La salle informatique du centre compte six ordinateurs. Je donne des permanences le matin, mais ce n’est pas assez : ni en termes de nombre d’ordinateurs, ni en nombre de plages horaires. Tout le monde n’est pas du matin : beaucoup de résident·e·s souffrent de dépression et mettent du temps pour se lever. Les parents doivent, quant à eux, conduire les enfants à l’école. D’autres sont en formation, voire travaillent. La salle devrait être ouverte entre 18 heures et 23 heures, mais on manque de personnel.

Rencontres-tu parfois des obstacles linguistiques lors de tes cours ?

Bien sûr. Même pour un francophone, la différence entre un clavier belge et français est problématique : l’arobase n’est pas au même endroit, par exemple. C’est dire la difficulté qu’un clavier français représente pour quelqu’un qui ne parle pas du tout la langue…

Puisque je ne suis pas arabophone, les résident·e·s doivent au moins avoir une petite notion de français ou d’anglais pour assister à mes cours. C’est paradoxal, parce que les gens bloqués par la barrière linguistique pourraient tirer profit de l’informatique pour s’améliorer.

À quelle fin les résident·e·s recourent-ils/elles au numérique ?

Pour suivre leurs dossiers administratifs, essentiellement par mail :  les demandeurs·euses de protection n’ont pas de carte d’identité électronique et n’accèdent donc pas aux services publics en ligne, par exemple.

L’accès à l’emploi aussi nécessite un ordinateur : ne fut-ce que pour suivre efficacement son dossier chez Actiris. Et puis, quelqu’un qui arrive ici et qui ne peut ni travailler, ni se former (les formations commencent souvent en septembre), pourrait très bien suivre des cours en ligne.

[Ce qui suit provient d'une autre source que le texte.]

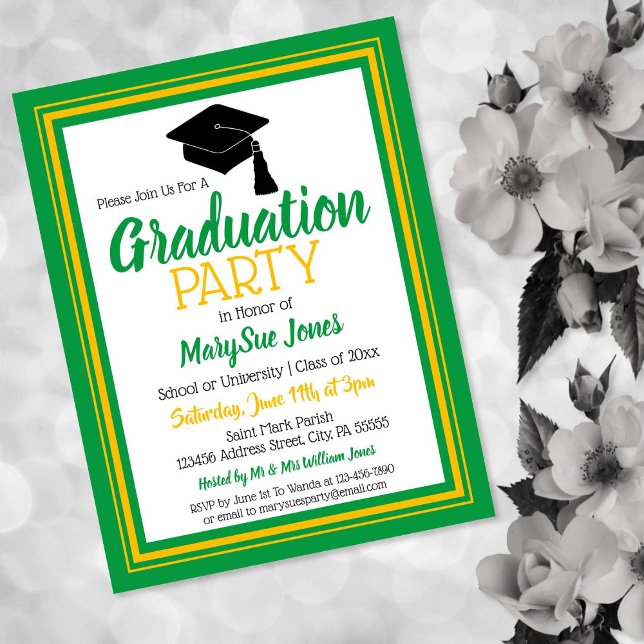 Green and Gold School Colours Grad Party Invitation Postcard (Creator Uploaded)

Mais le numérique peut également être utile une fois qu’ils/elles ont trouvé un job. Beaucoup travaillent dans la manutention ou le nettoyage : des métiers manuels, mais qui requièrent souvent des compétences informatiques. Pour faire un rapport de mission, remplir un Excel avec les notes du jour, etc.

Certains parents doivent également apprendre les bases du numérique pour suivre la scolarité de leur enfant. Les écoles utilisent de plus en plus Smart School, un outil en ligne pour consulter les bulletins scolaires, etc. Une maman vient, par exemple, me voir régulièrement parce qu’elle ne parvient pas à maitriser l’application. Sans mon aide, elle ne saurait pas comment son fils s’en sort à l’école.

Imagines-tu certain·e·s résident·e·s faire carrière dans l’informatique ?

L’un des métiers les plus recherchés au monde aujourd’hui, c’est développeur. Un poste qui favorise les compétences aux diplômes et qui se fait aisément à distance. Pour le public que je rencontre, c’est idéal. J’aimerais mettre en place un cours de programmation. Ce n’est pas aussi complexe que ça en a l’air : il s’agit surtout d’appréhender une syntaxe grammaticale, un langage. Mais il est évident que ce ne sera à destination que de quelques personnes. Ici, sur 350 résident·e·s, une dizaine pourraient être intéressé·e·s.